Well, for a start, with returning writer-director Michael Patrick King having to juggle four storylines in order to give each of the actresses contractual quality screen time, it’s impossibly and indulgently overlong, as if they’d tried to cram an entire season into one movie.

Which means there are several times when (given King’s uncertain grasp of big screen pacing) it does sag. And, for someone for whom a designer label is something on a tea-bag, it does often feel like an exercise in fashion porn.

As if flaunting the high couture product placement (at one point Carrie even receives a personally signed gift from Vivienne Westwood) wasn’t enough, there’s but a dress montage and a fashion parade. And the accessories! Handbags, jewellery, shoes, the male supporting cast, a rutting dog gag.

But clearly there is a healthy appetite out there for the trials and tribulations of four obscenely wealthy, self-absorbed fortysomething New Yorker career women as they struggle with their love lives, their sex lives and their closets.

Plot? Well, you’ll have likely picked up most of it from the extended trailer.
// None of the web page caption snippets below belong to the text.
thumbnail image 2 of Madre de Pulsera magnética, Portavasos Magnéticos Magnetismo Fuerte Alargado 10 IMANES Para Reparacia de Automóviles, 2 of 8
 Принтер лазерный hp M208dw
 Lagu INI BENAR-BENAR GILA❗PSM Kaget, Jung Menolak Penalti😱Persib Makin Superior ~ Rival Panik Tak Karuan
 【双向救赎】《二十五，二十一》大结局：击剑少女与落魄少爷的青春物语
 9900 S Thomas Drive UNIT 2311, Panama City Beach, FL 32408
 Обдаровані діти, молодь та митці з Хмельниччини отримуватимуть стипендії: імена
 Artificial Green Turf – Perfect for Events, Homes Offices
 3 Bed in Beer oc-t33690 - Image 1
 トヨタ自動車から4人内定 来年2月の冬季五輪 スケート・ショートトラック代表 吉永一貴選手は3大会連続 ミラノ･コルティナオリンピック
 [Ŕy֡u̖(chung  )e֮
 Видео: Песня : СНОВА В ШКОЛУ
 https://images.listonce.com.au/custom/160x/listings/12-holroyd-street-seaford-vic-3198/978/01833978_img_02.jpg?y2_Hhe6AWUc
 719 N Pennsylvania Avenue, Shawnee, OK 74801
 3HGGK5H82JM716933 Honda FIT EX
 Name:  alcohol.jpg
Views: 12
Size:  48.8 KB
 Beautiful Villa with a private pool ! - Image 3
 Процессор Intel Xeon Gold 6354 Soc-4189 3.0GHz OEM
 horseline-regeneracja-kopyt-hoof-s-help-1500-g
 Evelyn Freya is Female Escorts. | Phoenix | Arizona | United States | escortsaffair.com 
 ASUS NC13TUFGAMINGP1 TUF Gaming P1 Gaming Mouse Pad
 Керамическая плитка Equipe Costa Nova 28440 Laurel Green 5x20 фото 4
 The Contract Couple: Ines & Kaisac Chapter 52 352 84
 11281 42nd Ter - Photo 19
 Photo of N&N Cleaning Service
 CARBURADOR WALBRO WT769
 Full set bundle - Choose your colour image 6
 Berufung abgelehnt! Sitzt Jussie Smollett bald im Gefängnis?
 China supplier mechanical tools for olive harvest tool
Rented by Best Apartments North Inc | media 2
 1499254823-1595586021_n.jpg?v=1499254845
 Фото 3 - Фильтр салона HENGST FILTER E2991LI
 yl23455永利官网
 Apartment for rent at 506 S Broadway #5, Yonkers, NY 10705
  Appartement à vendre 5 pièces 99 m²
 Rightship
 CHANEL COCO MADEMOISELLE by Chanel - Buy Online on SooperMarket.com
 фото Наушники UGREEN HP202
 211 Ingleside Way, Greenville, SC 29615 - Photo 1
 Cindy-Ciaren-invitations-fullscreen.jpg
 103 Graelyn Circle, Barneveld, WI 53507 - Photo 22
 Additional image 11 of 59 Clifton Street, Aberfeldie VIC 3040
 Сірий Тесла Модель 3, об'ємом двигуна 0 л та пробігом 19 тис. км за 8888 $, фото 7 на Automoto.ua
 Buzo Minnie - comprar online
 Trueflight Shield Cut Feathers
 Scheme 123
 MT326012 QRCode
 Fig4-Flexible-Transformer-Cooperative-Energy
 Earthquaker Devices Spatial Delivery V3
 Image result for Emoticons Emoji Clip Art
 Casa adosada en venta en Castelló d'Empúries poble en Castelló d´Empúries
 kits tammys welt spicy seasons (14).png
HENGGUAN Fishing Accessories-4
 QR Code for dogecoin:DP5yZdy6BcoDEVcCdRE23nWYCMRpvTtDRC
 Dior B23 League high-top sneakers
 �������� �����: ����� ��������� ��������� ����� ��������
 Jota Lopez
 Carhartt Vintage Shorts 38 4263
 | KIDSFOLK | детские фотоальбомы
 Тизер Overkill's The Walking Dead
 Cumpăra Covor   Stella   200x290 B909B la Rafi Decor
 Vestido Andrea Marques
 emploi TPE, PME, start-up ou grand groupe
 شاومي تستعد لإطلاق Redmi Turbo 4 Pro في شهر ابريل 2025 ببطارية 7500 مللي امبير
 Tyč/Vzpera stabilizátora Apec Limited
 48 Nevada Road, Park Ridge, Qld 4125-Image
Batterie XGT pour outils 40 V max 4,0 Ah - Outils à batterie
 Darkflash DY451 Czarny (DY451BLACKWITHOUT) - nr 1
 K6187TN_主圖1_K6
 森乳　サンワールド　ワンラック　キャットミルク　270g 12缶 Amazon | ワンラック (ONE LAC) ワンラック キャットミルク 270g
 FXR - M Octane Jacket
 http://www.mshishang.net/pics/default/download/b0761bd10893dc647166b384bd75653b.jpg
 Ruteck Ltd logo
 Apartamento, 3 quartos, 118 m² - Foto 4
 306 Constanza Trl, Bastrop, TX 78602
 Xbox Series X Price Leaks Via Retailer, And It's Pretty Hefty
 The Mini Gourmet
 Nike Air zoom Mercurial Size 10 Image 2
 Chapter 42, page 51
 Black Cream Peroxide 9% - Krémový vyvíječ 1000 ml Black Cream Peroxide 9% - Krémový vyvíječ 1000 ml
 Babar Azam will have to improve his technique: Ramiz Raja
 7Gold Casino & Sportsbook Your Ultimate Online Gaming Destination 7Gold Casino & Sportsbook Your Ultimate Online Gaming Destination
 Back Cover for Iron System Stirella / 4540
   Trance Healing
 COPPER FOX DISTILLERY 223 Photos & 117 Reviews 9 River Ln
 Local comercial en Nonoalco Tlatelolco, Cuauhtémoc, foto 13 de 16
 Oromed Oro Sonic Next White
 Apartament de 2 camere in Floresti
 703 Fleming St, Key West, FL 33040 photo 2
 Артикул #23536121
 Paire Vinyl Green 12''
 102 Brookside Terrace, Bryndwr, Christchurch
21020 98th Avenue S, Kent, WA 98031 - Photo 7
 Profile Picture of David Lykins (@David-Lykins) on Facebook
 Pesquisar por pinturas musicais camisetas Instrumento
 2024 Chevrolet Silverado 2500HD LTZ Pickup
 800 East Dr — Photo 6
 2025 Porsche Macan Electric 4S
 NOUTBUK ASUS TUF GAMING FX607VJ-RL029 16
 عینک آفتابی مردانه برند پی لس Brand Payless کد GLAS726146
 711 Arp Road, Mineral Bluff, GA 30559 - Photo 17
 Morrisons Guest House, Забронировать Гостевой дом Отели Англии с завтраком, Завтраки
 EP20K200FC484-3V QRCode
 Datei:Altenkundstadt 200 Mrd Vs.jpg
About to turn 50, Samantha’s in LA managing Hollywood heartthrob toyboy lover Smith Jerrod (Jason Lewis) but missing NY and finding it hard to keep her sex drive on a one-man leash and play the little woman at home, especially given the antics of her new neighbour.

Already blissfully happy with hubbie Harry (Evan Handler) and their adopted Chinese daughter, Charlotte discovers she’s finally pregnant (though not until way into the second hour).

Career focused, Miranda’s got no time or interest in sex, promoting Steve (David Eigenberg) to a one-night indiscretion that prompts a separation.

And, no longer writing her column, but on to her fourth book, freelancing and still providing the narrative voice-over, Carrie’s not only finally moving in to apartment heaven with Mr Big (Chris Noth) but they’re getting wed.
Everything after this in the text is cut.